Return exactly the lines of the records below, starting at the line that contains "A young child" and ending at the line that contains "Watermelon drink in", with both of those lines kept.

Dataset records
┄┄┄┄┄┄┄┄┄┄┄┄┄┄┄┄┄┄┄┄
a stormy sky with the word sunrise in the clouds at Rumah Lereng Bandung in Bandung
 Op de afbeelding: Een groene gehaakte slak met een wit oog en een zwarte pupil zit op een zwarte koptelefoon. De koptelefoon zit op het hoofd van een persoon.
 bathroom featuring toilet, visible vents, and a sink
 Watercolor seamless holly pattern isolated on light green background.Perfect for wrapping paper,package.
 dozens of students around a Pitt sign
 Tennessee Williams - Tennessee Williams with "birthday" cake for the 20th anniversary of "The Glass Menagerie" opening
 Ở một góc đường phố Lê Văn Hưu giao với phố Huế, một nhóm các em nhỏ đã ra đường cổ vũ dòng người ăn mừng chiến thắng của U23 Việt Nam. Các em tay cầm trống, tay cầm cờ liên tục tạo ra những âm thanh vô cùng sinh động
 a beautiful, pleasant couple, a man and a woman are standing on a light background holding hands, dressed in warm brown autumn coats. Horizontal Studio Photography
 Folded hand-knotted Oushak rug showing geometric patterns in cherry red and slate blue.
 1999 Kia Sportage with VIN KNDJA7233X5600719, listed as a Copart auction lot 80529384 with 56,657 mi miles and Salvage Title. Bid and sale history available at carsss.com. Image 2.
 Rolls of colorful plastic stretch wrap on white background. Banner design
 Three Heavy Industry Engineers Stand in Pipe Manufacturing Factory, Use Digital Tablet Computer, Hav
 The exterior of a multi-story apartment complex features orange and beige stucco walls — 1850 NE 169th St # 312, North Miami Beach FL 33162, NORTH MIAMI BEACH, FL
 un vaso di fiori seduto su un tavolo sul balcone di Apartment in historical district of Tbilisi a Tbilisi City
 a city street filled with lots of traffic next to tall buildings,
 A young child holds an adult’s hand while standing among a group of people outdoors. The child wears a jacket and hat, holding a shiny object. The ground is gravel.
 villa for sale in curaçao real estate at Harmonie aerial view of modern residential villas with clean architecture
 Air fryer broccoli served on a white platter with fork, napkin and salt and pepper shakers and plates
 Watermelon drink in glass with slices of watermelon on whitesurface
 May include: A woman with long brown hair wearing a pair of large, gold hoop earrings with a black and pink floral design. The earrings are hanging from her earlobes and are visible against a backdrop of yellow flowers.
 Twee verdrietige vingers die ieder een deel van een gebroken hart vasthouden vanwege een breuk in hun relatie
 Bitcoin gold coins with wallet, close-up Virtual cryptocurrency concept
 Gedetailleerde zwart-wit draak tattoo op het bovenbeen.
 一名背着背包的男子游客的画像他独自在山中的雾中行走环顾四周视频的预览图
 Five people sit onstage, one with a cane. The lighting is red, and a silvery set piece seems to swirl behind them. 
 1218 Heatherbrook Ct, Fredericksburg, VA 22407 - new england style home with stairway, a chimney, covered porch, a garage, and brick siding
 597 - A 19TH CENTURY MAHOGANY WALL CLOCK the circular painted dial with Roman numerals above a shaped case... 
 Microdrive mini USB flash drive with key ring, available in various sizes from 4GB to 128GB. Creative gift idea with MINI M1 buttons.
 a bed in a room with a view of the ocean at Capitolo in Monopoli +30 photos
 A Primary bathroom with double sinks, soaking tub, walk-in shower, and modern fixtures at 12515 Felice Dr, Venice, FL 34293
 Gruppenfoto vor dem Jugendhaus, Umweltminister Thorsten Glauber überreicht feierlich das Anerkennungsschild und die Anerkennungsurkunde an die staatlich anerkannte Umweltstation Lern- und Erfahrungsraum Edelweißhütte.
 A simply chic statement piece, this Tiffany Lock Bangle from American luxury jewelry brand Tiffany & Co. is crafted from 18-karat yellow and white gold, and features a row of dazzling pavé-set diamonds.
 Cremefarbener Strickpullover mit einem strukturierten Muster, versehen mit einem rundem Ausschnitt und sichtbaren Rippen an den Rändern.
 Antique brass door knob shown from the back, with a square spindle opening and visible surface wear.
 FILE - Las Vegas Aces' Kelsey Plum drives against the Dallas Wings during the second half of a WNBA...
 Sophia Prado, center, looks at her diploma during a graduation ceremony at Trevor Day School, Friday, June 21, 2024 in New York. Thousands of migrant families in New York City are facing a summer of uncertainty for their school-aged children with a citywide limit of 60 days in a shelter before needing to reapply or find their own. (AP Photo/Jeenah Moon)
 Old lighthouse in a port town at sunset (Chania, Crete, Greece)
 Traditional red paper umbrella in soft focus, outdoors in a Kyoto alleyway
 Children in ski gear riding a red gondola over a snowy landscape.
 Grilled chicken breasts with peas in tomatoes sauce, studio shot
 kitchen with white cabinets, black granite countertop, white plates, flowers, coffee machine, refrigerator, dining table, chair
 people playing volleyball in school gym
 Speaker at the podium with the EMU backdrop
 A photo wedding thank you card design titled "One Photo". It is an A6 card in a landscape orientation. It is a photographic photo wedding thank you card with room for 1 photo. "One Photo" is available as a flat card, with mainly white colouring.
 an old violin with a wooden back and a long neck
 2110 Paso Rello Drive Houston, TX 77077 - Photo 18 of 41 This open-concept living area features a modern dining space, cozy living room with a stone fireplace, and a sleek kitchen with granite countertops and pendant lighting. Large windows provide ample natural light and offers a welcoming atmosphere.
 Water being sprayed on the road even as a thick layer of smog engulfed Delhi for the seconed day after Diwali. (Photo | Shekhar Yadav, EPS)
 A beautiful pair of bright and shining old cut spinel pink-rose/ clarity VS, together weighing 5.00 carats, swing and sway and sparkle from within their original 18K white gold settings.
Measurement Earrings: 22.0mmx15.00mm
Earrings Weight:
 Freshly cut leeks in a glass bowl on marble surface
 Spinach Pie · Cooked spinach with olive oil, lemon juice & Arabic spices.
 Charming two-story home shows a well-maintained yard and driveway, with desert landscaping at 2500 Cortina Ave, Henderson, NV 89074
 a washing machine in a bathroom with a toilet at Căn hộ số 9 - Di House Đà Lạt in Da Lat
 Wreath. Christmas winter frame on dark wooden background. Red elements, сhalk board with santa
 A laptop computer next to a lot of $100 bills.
┄┄┄┄┄┄┄┄┄┄┄┄┄┄┄┄┄┄┄┄
ANSWER TO THE EXERCISE
 A young child holds an adult’s hand while standing among a group of people outdoors. The child wears a jacket and hat, holding a shiny object. The ground is gravel.
 villa for sale in curaçao real estate at Harmonie aerial view of modern residential villas with clean architecture
 Air fryer broccoli served on a white platter with fork, napkin and salt and pepper shakers and plates
 Watermelon drink in glass with slices of watermelon on whitesurface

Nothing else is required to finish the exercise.